« Kidal est malien, je suis contre l’indépendance et même l’autonomie ». C’est ce qu’a déclaré ex-cathedra Mohamed Ag Intalla, du nom de ce chef élu par les sages de l’Adrar des Ifoghas dans le Nord-Mali. Et d’ajouter : « Il faut faire la paix. Il faut parler entre Maliens pour savoir comment on va tous profiter du développement (…). Il y aura une mission à l’intérieur de la région de Kidal. La même mission ira dans la région de Gao pour sensibiliser la société civile, pour prôner la paix ». Pour une victoire, c’en est une pour les autorités de Bamako qui, mieux que quiconque, doivent pavoiser à juste titre ; elles qui ont toujours prôné l’unicité et l’indivisibilité du territoire malien. Car, en faisant une telle sortie, Mohamed Ag Intalla n’a pas trahi la mémoire de son défunt père qui, on le sait, n’avait jamais approuvé le projet sécessionniste des groupes armés, avec à leur tête le Mouvement national de libération de l’Azawad (MNLA).
C’est tout à son honneur, surtout qu’il est allé plus loin, en donnant une position claire qui, on l’imagine, donnera de l’urticaire à tous les mouvements irrédentistes qui veulent faire de Kidal un Etat dans un Etat. C’est un acte de courage, quand on sait que le nouveau chef coutumier prend là un gros risque.
Car, faut-il le rappeler, Kidal où réside Mohamed Ag Intalla, est contrôlée par les éléments du MNLA qui y font la pluie et le beau temps. Oser donc contredire la pensée des maîtres des lieux, est un véritable signe de bravoure et de témérité, surtout que, poussant plus loin l’ironie, le chef propose que Kidal devienne même la capitale malienne. Toute chose qui pourrait irriter outre mesure les groupes armés qui considèrent Kidal comme leur fief où ils ont même interdit de séjour les autorités de Bamako. Et ce n’est pas l’ancien Premier ministre, Moussa Mara, qui y avait tenté une excursion, qui dira le contraire ; lui dont l’avion avait failli essuyer des tirs de roquette, et qui, sentant le danger proche, a dû se raviser.

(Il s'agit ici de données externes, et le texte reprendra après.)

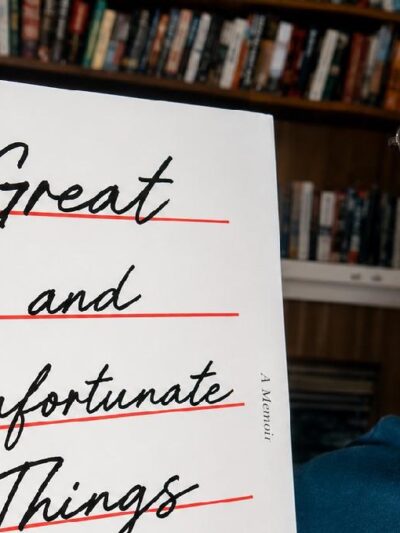 Earl Ofari Hutchinson with copy of Jason Arday's Autobiography 'Great and Unfortunate Things'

Les autorités de Bamako ont su se montrer solidaires du nouveau chef de la tribu des Ifoghas
De toute évidence, on imagine mal le MNLA et ses alliés rester les bras croisés, suite à la déclaration de Mohamed Ag Intalla qu’ils auraient plutôt aimé avoir avec eux que contre eux. Cela d’autant que cette prise de position intervient au moment où ils enregistrent de plus en plus de défections dans leurs rangs. Ce qui les affaiblit davantage. Déjà, peu avant cette sortie, certains mouvements d’autodéfense s’étaient démarqués du projet indépendantiste des groupes armés, réaffirmant leur soutien indéfectible à Bamako. En fait, on voyait venir les choses. Les autorités de Bamako ont sans doute su mener un important lobbying. Car, en plus d’avoir suscité la création de milices acquises à leur cause, les autorités de Bamako ont su se montrer solidaires du nouveau chef de la tribu des Ifoghas. On l’a vu lors des obsèques du défunt chef ; s’attirant ainsi la sympathie d’une bonne partie de la communauté touarègue. En tout état de cause, la déclaration du nouveau chef de la tribu des Ifoghas ne sera pas sans conséquence sur les irrédentistes du Nord-Mali, dans la mesure où elle intervient au moment où se tiennent les pourparlers intermaliens à Alger, qui rejettent toute partition du pays. A cela s’ajoute le contexte mondial et sous-régional marqué par la lutte contre le djihadisme qui connaît, depuis lors, un tournant décisif avec, de part et d’autre, la mise en place de forces coalisées.